Why not a CB european vipera species? 

I have come across some horrible copperheads.

I have to agree, I kept a few Boiga before handling venomous and they really do nothing to prepare you for the real thing, especially Boiga as they as slow and stress really easily so getting one to practice handling with is ridiculous IMO.

You'll have to either get lucky and find a mentor or there seems to be a lot of courses appearing now, it would be a good idea to investigate into them if you want to see if it's for you.


----------



## Moshpitviper (Oct 21, 2005)

Owzy said:


> Why not a CB european vipera species?
> 
> I have come across some horrible copperheads.
> 
> ...


A Lairy Copperhead would be ideal. you dont want your first hot to be deceptively soppy. May lead to misjudging the species you keep after. But you may well be right. something like ammodytes would also be preferable over many others. I know a lot of people think N. kahoutia are good first hots. I dunno about that....


----------



## Southerncopperhead (Oct 5, 2011)

I'm not going to go for a naja kouthia for a first hot snake that would be a lil silly
i want either a copperhead or a adder if there good first hots?


----------



## dunny1 (Feb 2, 2009)

get a nice little copperhead you cant go wrong there.


----------



## Podarcis (Mar 1, 2010)

European vipera; attractive and varied. There is also the potential to assist from a conservation/research standpoint.


----------



## slippery42 (Mar 23, 2008)

Southerncopperhead said:


> I'm not going to go for a naja kouthia for a first hot snake that would be a lil silly
> i want either a copperhead or a adder if there good first hots?


Most certainly an adder is not a good first hot, for a kcik off you'll hard pushed to get any CB in the UK and wild ones should stay wild!
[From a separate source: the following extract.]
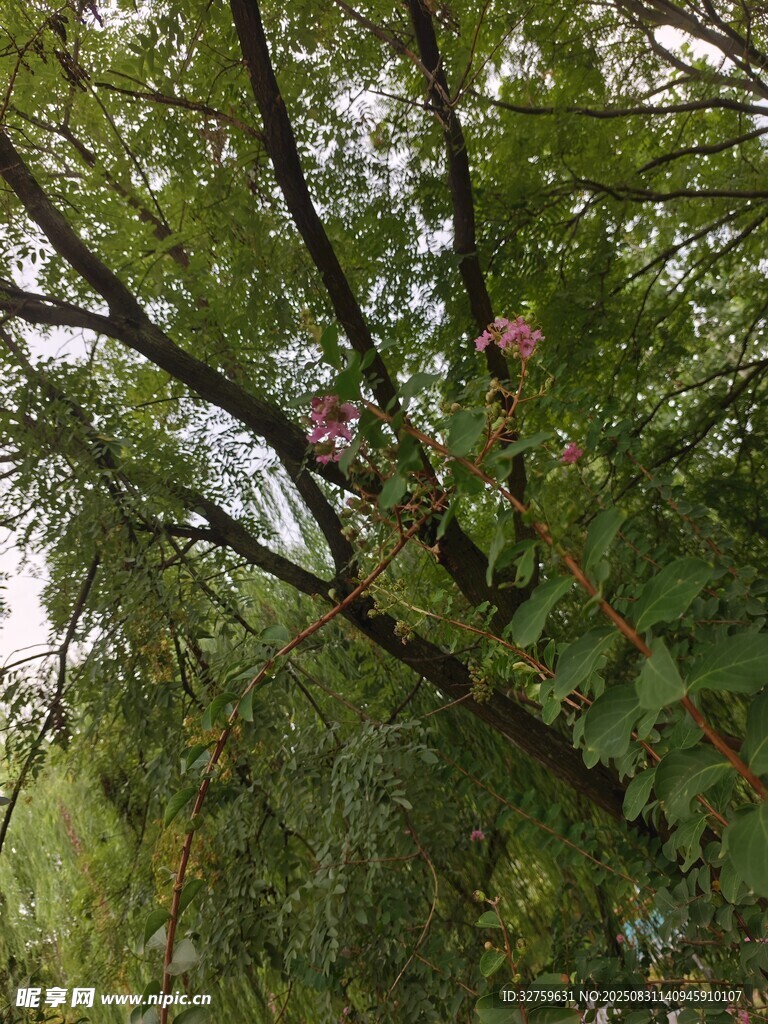 繁茂树枝间绽放的花朵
Smaller rattlers are a good bet


----------



## Moshpitviper (Oct 21, 2005)

slippery42 said:


> Most certainly an adder is not a good first hot, for a kcik off you'll hard pushed to get any CB in the UK and wild ones should stay wild!
> 
> Smaller rattlers are a good bet


I think he meant something like ammos


----------



## Podarcis (Mar 1, 2010)

Can I just ask, by the way, why you want any venomous? I'd understand if there was a snake you wanted to keep because you like a particular type and it happens to be venomous, but this "I want to get into venomous keeping" seems a strange attitude. Rather more about the danger/perceived kudos of the keeping than fascination with the animal kept it seems sometimes.


----------



## snappingchap (Jul 31, 2010)

i have to say, we all have our opinions on first snakes etc, i think in this instance id be inclined towards agreeing with mr slippery, smaller species of rattlers are a great starting point, however each person has likes and dislikes, so even though rattlers and bitis appeal to me, others prefer akistrodons and naja etc, all i will say is, know your limits, have a snake you are confident you can care for and handle etc.


----------



## Southerncopperhead (Oct 5, 2011)

I want to keep them as i am fansinated with most if not all vipera
I also would like to breed a few species aswell
I am not doing it for reputation from my friends or to scare people
as no one but me is going in the locked room anyway
i am truely fansinated
and would like to keep a fair few species of them
but mainly would like to know a few good "begginer species"
i would feel confident with a couple of copperheads
i don't know about a rattler but if it was a small species then maybe a good idea


----------



## Podarcis (Mar 1, 2010)

Can your fascination not be fed in some other way than keeping them? _Agkistrodon_ are not a 'soft option' as Owzy commented.


----------